Datomic automatically handles this derivation, as can be seen through the entity interface:

stu.get(:loves) 
=> #{:chocolate :octomore}

Now, imagine creating a web interface with checkboxes for different things a person might love.  You initially populate the interface with my current loves, pulled from the database. I interact with the system, and you get back a set of checkbox states.

At this point, you should submit adds and retracts only for the new facts I created -- not a set with an add or retract for every UI element. This is a subtle point. If I liked chocolate before, and I didn't uncheck chocolate, what is the harm in saying "Stu likes chocolate" again?

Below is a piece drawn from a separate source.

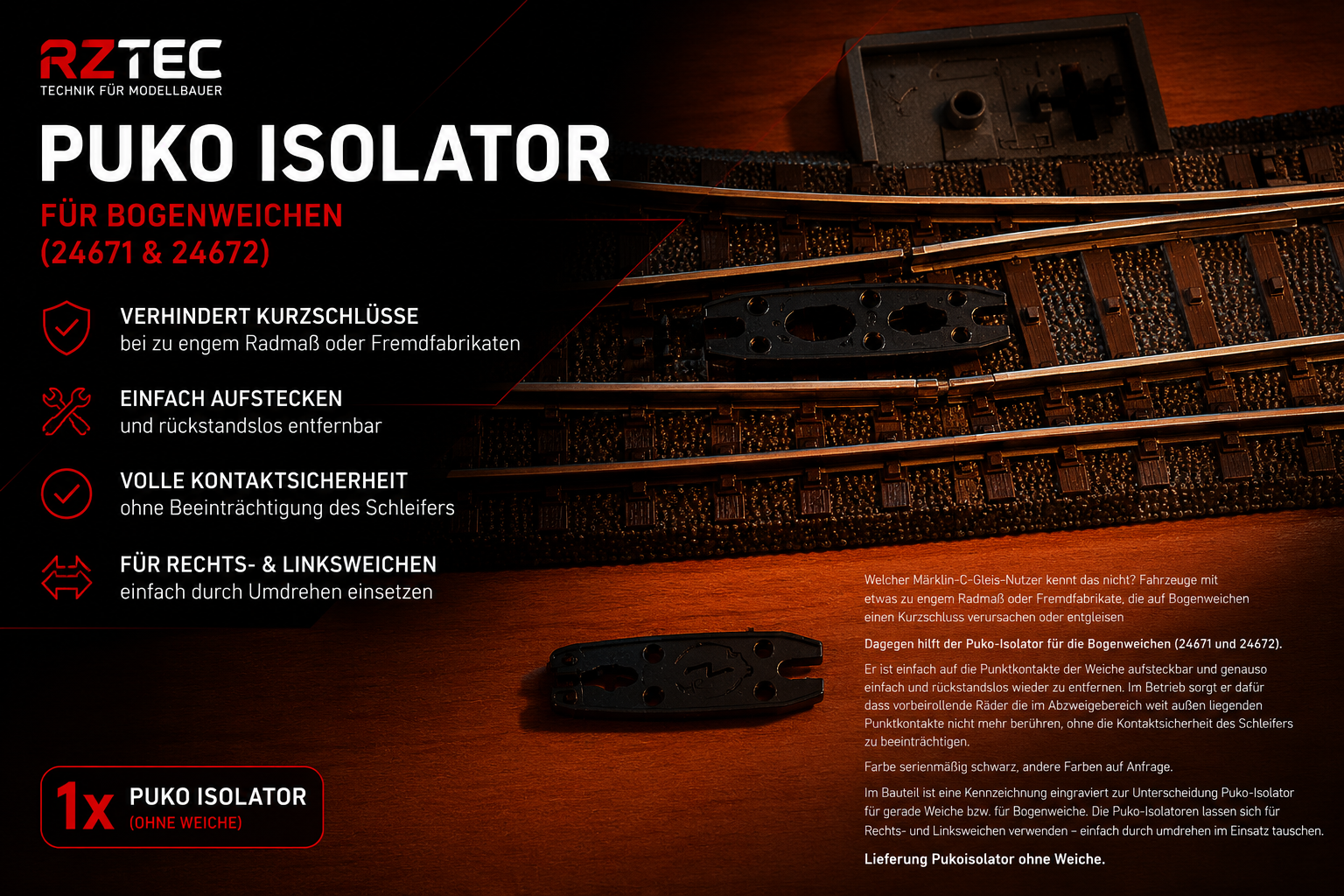 (24671 & 24672) Puko Isolator für C-Gleis Bogenweiche von Märklin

The biggest problem is that you are lying to the database. I didn't repeat my love of chocolate. What if the system also had a user interface more subtle than checkboxes, that allowed me to reiterate past preferences? You wouldn't be able to tell the difference.

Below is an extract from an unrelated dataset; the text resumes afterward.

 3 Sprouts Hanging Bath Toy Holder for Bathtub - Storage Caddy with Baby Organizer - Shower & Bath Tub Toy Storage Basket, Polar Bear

An obvious warning sign is when you find yourself submitting derived information (the set of my likes) when you actually have the facts (what I just said) in hand. Ignoring facts and recording derived information is always perilous -- imagine managing a system that records birthdays and ages, but not birthdates.

A more subtle mistake is to abuse transactions to extract facts from derived information. You have a new derived set in hand, and the database knows how to calculate the previous derived set. Given those two things, you could write a transaction function that takes the two sets and backtracks to figure out what changed.

This approach has a variant of the dishonesty problem mentioned before, in that it provides no way for me to reiterate my love for chocolate. But the other problem with this approach may be even worse: It imposes coordination in the implementation, where no coordination was required by the domain.

Let's say that I choose, at some point in time, to start liking :cheesecake and :nachos. These are atomic choices, requiring no coordination with any historical record. If you send Datomic a set of all checkbox states, and ask it to discover :cheesecake and :nachos inside a transaction, you are manufacturing a coordination job that has no basis in reality. Unnecessary coordination is an enemy of scalability and reuse.

The root cause of confusion here is update-in-place thinking. The checkbox model exposes derived
information (the current states) but not the facts (the choices the user made). Given the set of checkbox states, you should do the diff in the web tier as soon as you pull data out of the form. This still has the problem that there is no way to restate that you love chocolate, but now the scope of the problem is localized to its cause -- the checkbox model. You can fix the problem, or not (you often don't care, which is why checkboxes work the way they do). But at least you are not propagating the problem into the permanent record.

Datomic is built on an understanding that data is created by atomic addition, not by corruptive modification. When your input source has an update-in-place model (such as checkbox states), you should convert to atomic facts before creating a transaction.

Now go eat some chocolate.